● WHAT THE TASK ASKS
Copy the records below in full, changing no character.

Data records
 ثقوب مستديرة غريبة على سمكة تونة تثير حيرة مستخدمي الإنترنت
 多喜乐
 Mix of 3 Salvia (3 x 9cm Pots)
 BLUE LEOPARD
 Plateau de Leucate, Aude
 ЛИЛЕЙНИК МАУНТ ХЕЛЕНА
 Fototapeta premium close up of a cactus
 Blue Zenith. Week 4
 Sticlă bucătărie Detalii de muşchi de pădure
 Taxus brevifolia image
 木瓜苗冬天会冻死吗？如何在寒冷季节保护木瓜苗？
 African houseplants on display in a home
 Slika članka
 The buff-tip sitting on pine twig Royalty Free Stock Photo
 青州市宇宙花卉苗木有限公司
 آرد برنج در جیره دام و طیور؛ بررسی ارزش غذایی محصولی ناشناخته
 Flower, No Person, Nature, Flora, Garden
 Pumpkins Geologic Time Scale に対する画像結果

● SOLUTION TO THE EXERCISE
 ثقوب مستديرة غريبة على سمكة تونة تثير حيرة مستخدمي الإنترنت
 多喜乐
 Mix of 3 Salvia (3 x 9cm Pots)
 BLUE LEOPARD
 Plateau de Leucate, Aude
 ЛИЛЕЙНИК МАУНТ ХЕЛЕНА
 Fototapeta premium close up of a cactus
 Blue Zenith. Week 4
 Sticlă bucătărie Detalii de muşchi de pădure
 Taxus brevifolia image
 木瓜苗冬天会冻死吗？如何在寒冷季节保护木瓜苗？
 African houseplants on display in a home
 Slika članka
 The buff-tip sitting on pine twig Royalty Free Stock Photo
 青州市宇宙花卉苗木有限公司
 آرد برنج در جیره دام و طیور؛ بررسی ارزش غذایی محصولی ناشناخته
 Flower, No Person, Nature, Flora, Garden
 Pumpkins Geologic Time Scale に対する画像結果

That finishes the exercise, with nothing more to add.